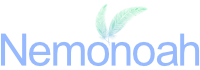 Nemonoah
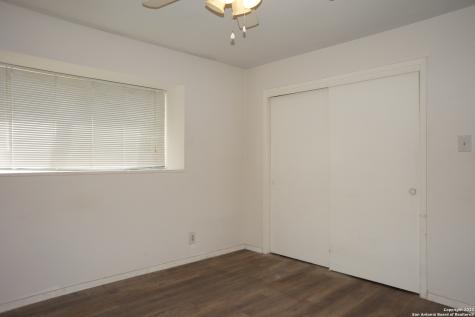 7222 Rimwood Live Oak TX 78233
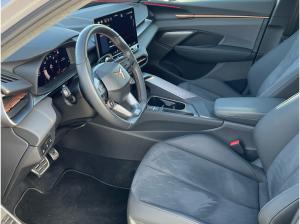 Cupra Terramar VZ ab 515€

......

### Exercise prompt
Reproduce the listing exactly, images omitted.

### Task response
 Nemonoah
 7222 Rimwood Live Oak TX 78233
 Cupra Terramar VZ ab 515€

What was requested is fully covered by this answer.